Step 2: Click the Read button in SoftMax Pro Software. The microplate reader will read the plate and the relative fluorescence units will be displayed in the Plate section.
Analyze the data
Step 1: After the microplate has been read, the RFUs will be displayed in the Plate section. The data will be analyzed in the Group tables that you created while setting up the template (see the section “Setting up the instrument and software” earlier in this document).
Step 2: A standard curve will be plotted automatically, as long as the pre-configured protocol is used and the appropriate wells are assigned to the Standards group in the Template Editor. Choose the appropriate curve fit from the drop-down Curve Fit menu in the graph section’s tool bar. When plotting the standard curve shown in Figure 3, a linear curve fit was used.

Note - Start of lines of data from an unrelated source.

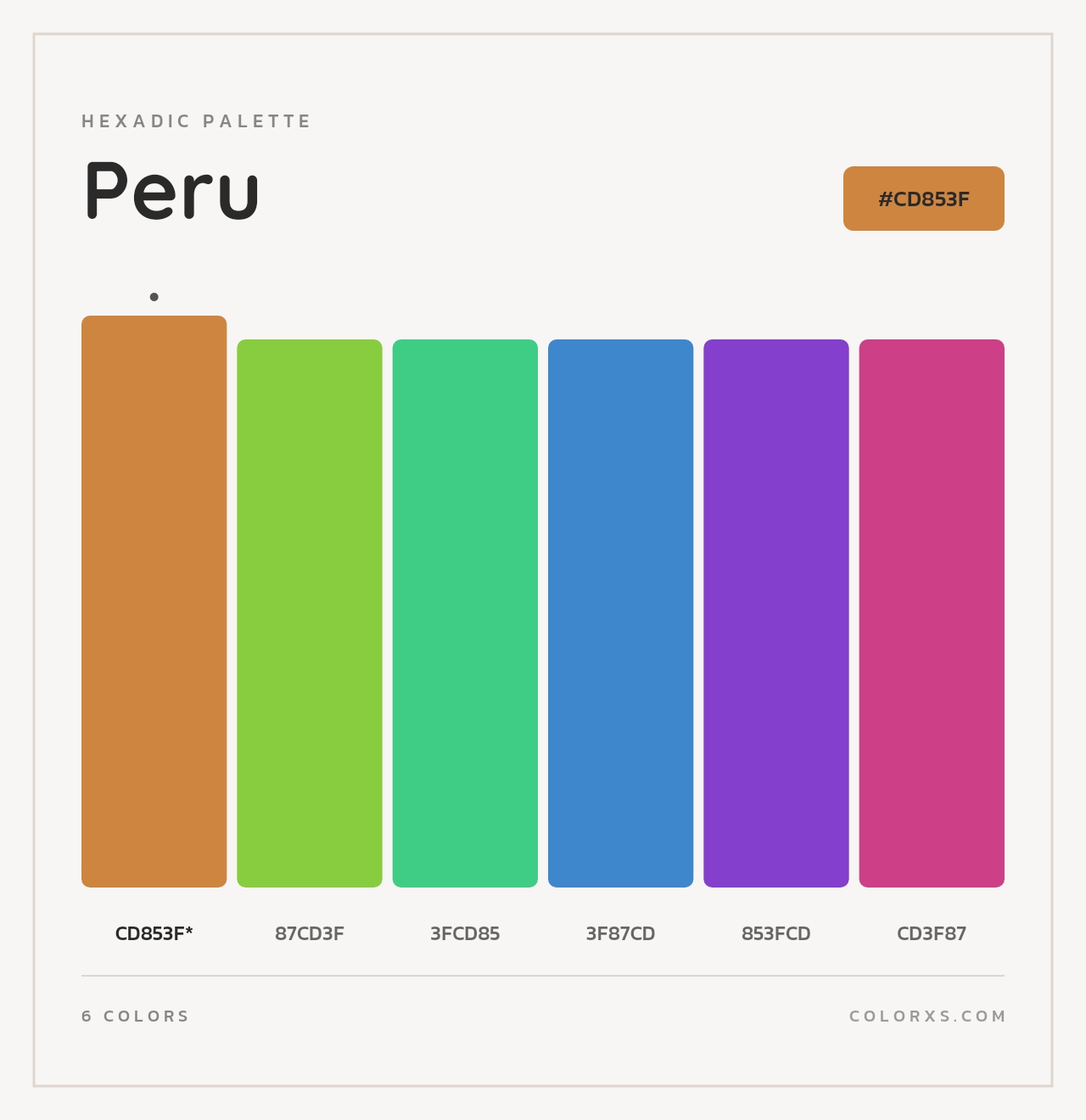 Peru - Hexadic Color Palette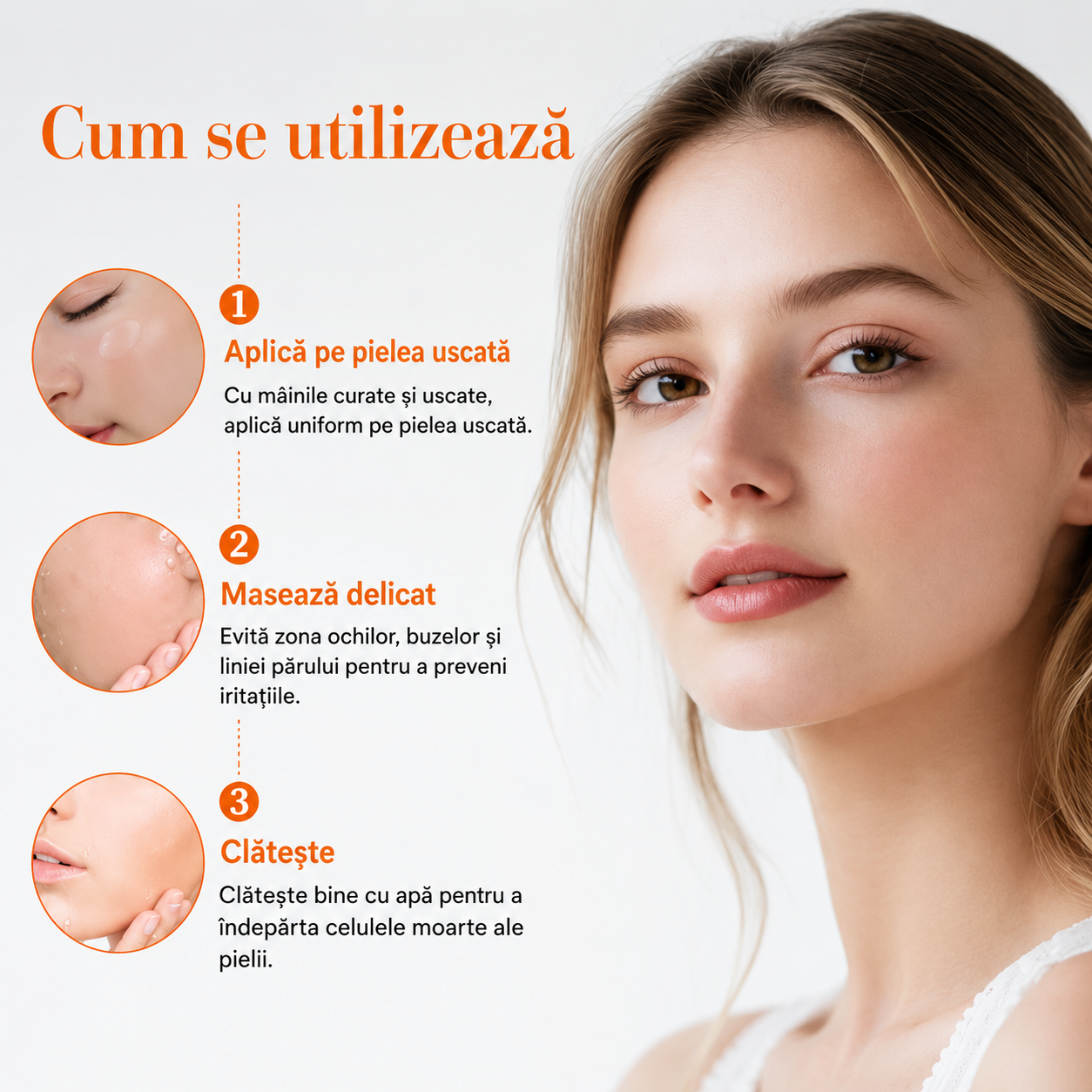 Gel Exfoliant Portocală Magic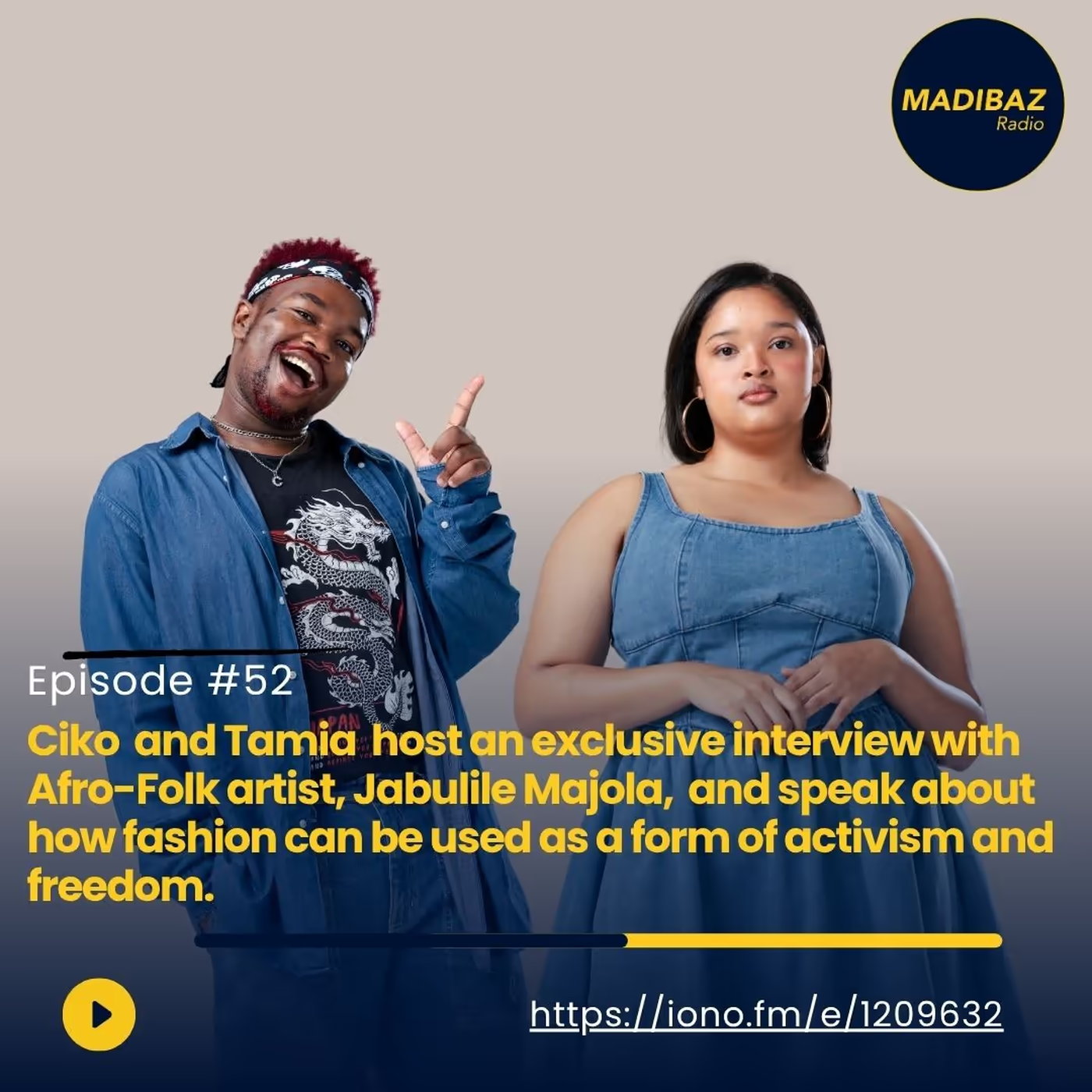 Ciko and Tamia host an exclusive interview with Afro-Folk artist Jabulile Majola, and speak about the impact of Fashion! episode artwork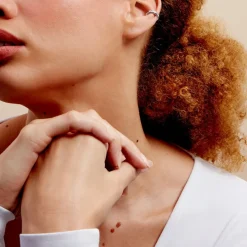 New Histoire d'Or Bijoux D'oreilles Astre Precieux Argent Blanc Oxyde De Zirconium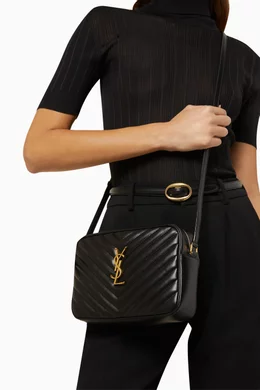 Lou quilted leather shoulder bag top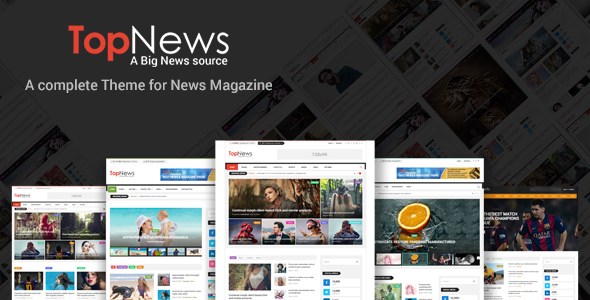 TopNews WordPress Layout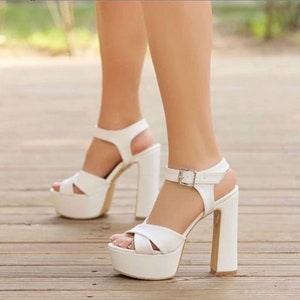 7 inch high heel sandals on sale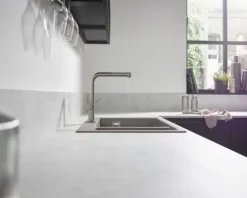 hansgrohe Küchenarmatur mit herausziehbaren Auslauf TALIS M54 edelstahl gebürstet 72809800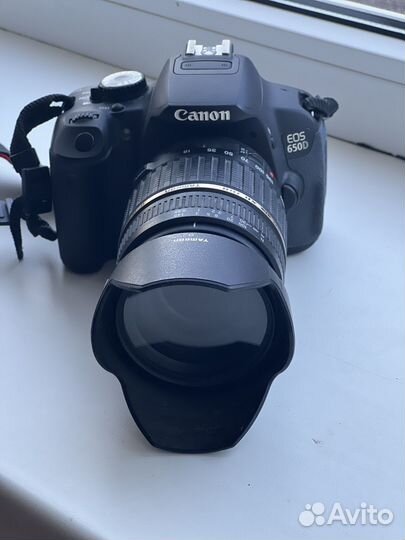 Зеркальный фотоаппарат canon 650d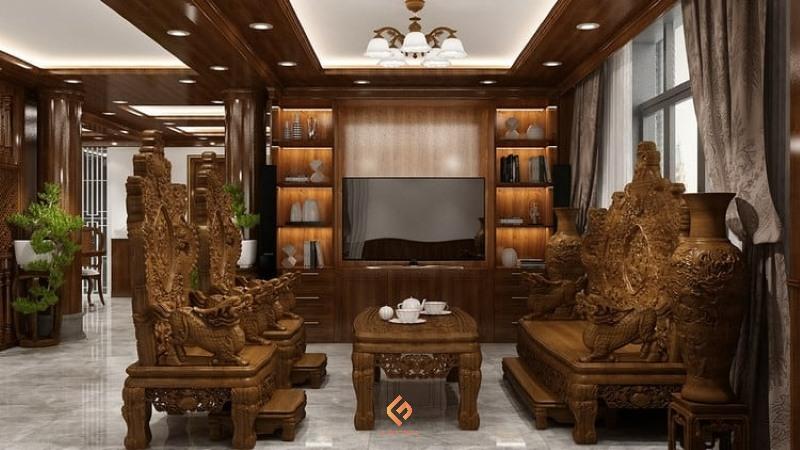 thiết kế nội thất biệt thự quận phú nhuận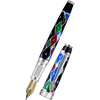 David Oscarson Harlequin Fountain Pen - Opaque Black/Onyx-Pen Boutique Ltd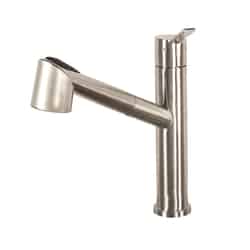 Franke Bernard Pull Out One Handle Stainless Steel Kitchen Faucet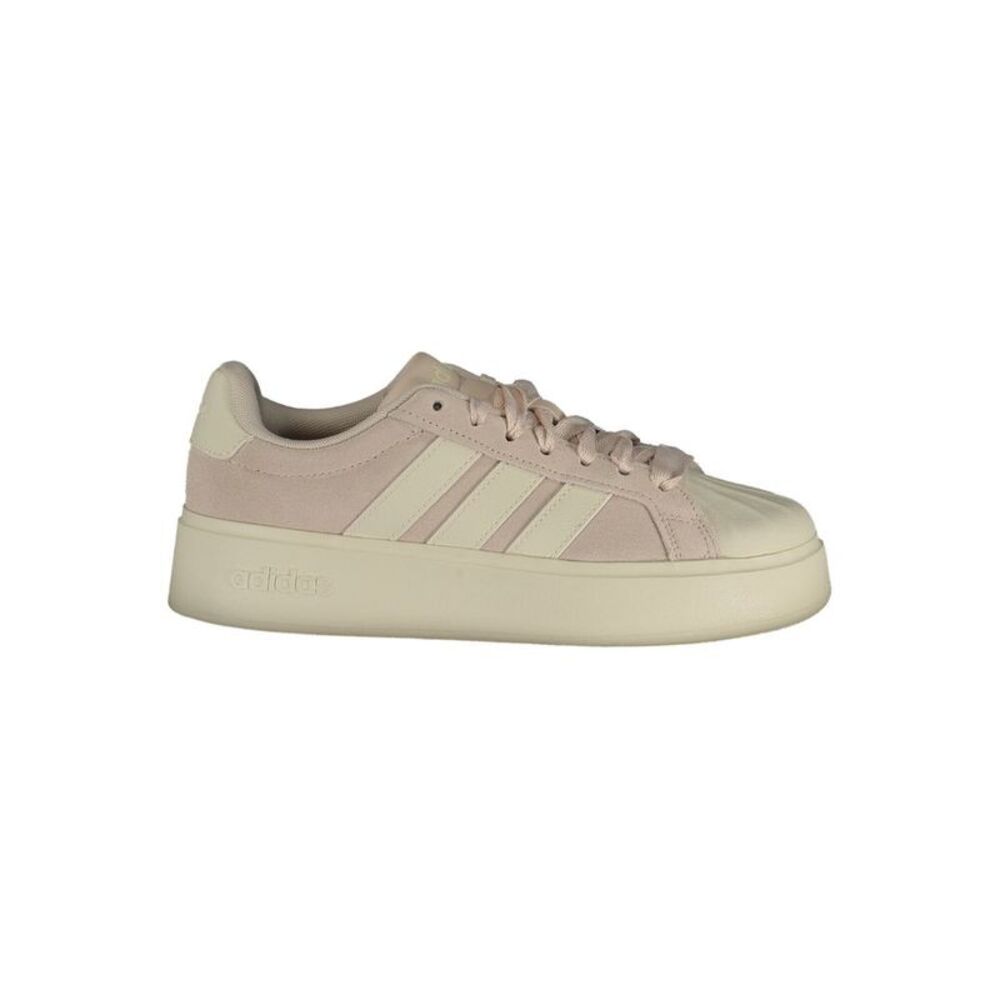 Adidas White Polyester Athletic Women's Sneakers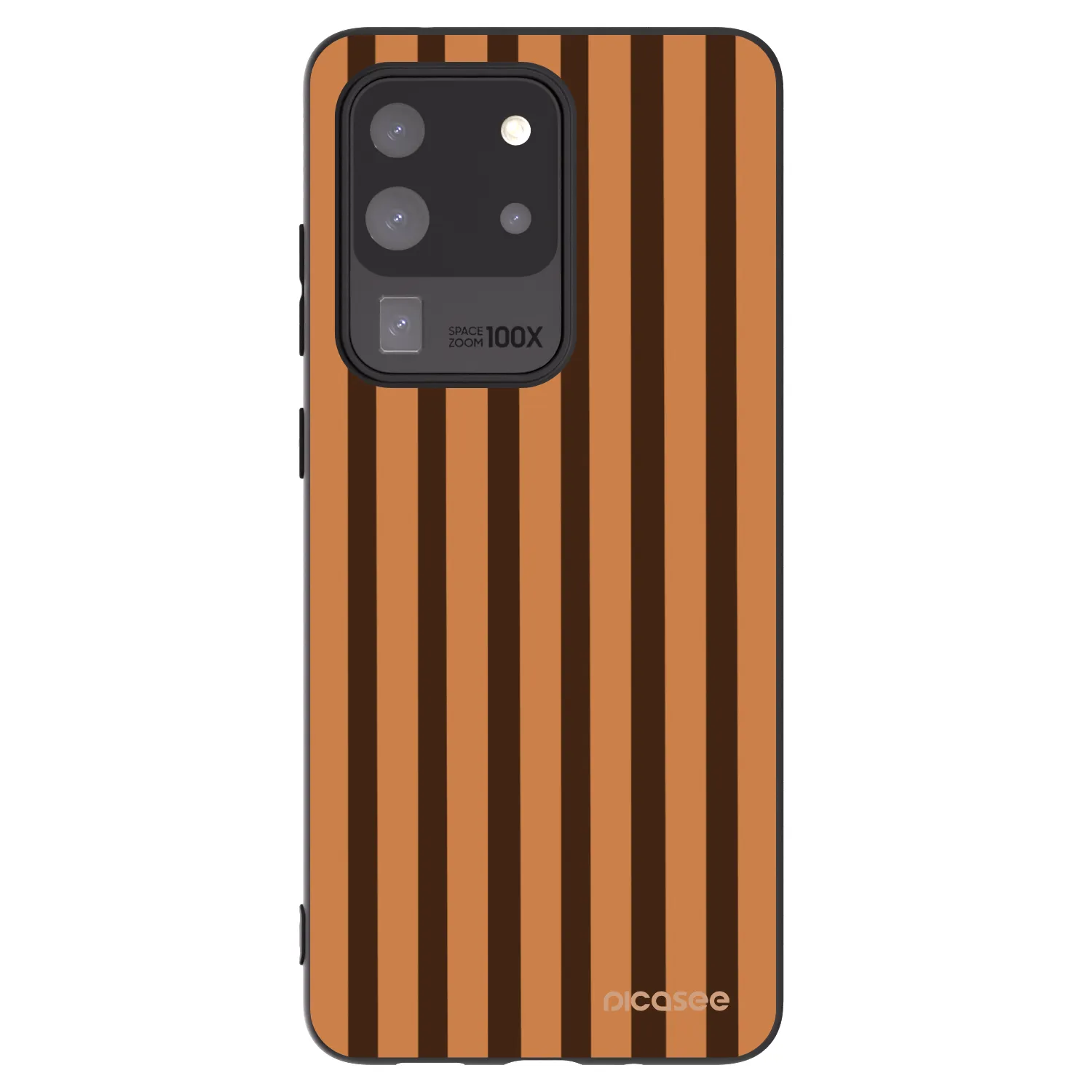 Picasee fekete szilikon tok az alábbi mobiltelefonokra Samsung Galaxy S20 Ultra 5G G988F - Caramel lines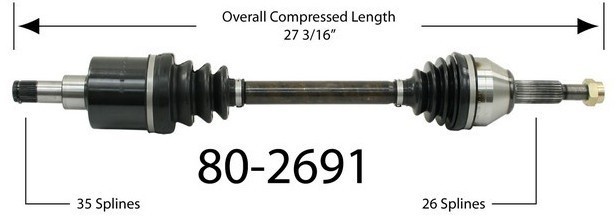 EMPI Półoś napędowa przednia 80-2691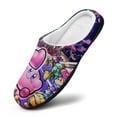 thumbnail image 3 of Mens Cozy Slippers Kirby Warm Soft Plush Slipper Slip-on House Shoes for Home Indoor Outdoor, 3 of 7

Figure 3 shows the standard curve obtained using the NanoOrange Protein Quantitation Kit with the BSA standard provided in the kit. The low end of the standard curve is shown in Figure 4. Similar data and curves are produced using other SpectraMax readers with fluorescence detection mode (data not shown).
The NanoOrange assay, when run on a Gemini XPS Microplate Reader or other SpectraMax fluorescence microplate reader with SoftMax Pro Software, is a quick, sensitive detection method for proteins. The analysis capabilities of SoftMax Pro Software provide quantitation in an easy-to-read, user-customizable report format.